Biden, a Democrat who is the nation’s second Catholic president, told the 2023 graduating class of Howard University in a May 13 commencement address at Capital One Arena in Washington that white supremacy is “poison” and is “the most dangerous terrorist threat to our homeland.”
Biden told graduates that he had hoped the election and reelection of former President Barack Obama, his previous running mate, signaled that “the fear of violence and hate was significantly losing ground.” First elected president in 2008, Obama is the first African American to hold the office.
But Biden said the 2017 “Unite the Right” rally by white supremacists in Charlottesville, Virginia, protesting the removal of a statue of Confederate Gen. Robert E. Lee — resulting in a clash that left one counter-protester dead — influenced his decision to run for president.
“In 2017, in Charlottesville, Virginia, crazed neo-Nazis with angry faces came out of the fields with — literally with torches, carrying Nazi banners from the woods and the fields chanting the same antisemitic bile heard across Europe in the ’30s,” Biden said. “Something that I never thought I would ever see in America.”
“Accompanied by Klansmen and white supremacists, emerging from dark rooms and remote fields and the anonymity of the Internet, confronting decent Americans of all backgrounds standing in their way, into the bright light of day,” he continued. “And a young woman objecting to their presence was killed.”
Without naming his immediate predecessor, former President Donald Trump, Biden took aim at comments Trump made following the fatal rally, saying, “And what did you hear? That famous quote. When asked about what happened, that famous quote. ‘There are very fine people on both sides.'”
“That’s when I knew — and I’m not joking — that’s when I knew I had to stay engaged and get back into public life,” Biden said.
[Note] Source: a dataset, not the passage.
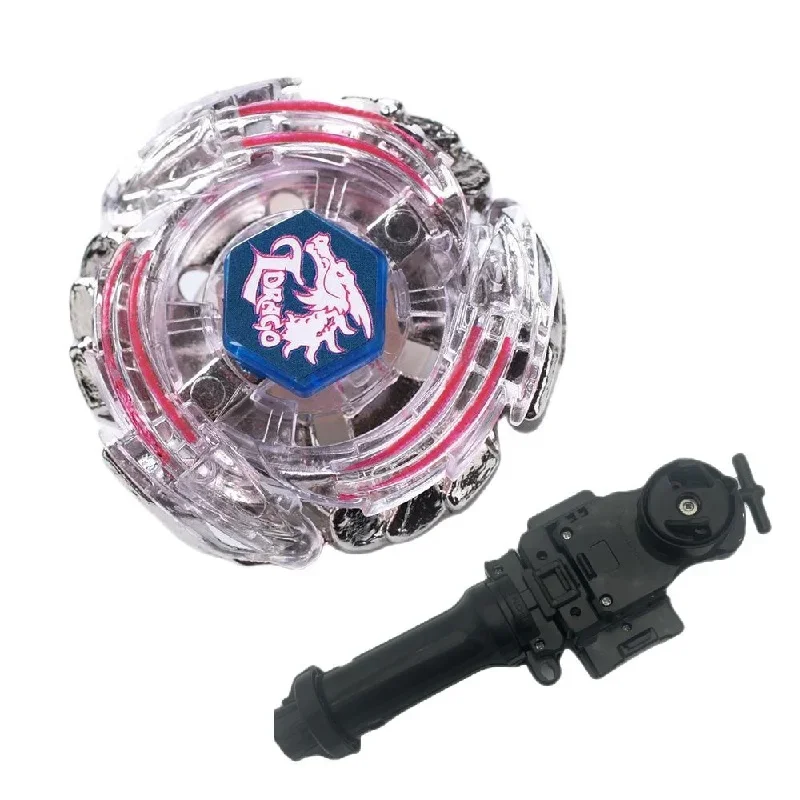 Constellation Gyro Series Burst Spark GT Spielzeugarena Metall Fafnir Bey für Jungen und Kinder Fusion Gew Geschenk 5cm Zubehör – Detail 5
He added that “fearless progress towards justice often meets ferocious pushback from the oldest and most sinister of forces. That’s because hate never goes away.”
Biden’s comments signal what could be a key theme of his 2024 campaign should he face a rematch election with Trump, who has launched a campaign seeking to return to the White House after Biden defeated him in 2020.
Biden told graduates “the soul of America is what makes us unique among all nations.”
“We’re the only country founded on an idea — not geography, not religion, not ethnicity, but an idea,” Biden said.
The president argued that “sacred proposition” is “rooted in Scripture and enshrined in the Declaration of Independence that we’re all created equal in the image of God and deserve to be treated equally throughout our lives.”
“While we’ve never fully lived up to that promise, we never before fully walked away from it,” he said. “We know that American history has not always been a fairytale. From the start, it’s been a constant push and pull for more than 240 years between the best of us, the American ideal that we’re all created equal — and the worst of us, the harsh reality that racism has long torn us apart. It’s a battle that’s never really over.”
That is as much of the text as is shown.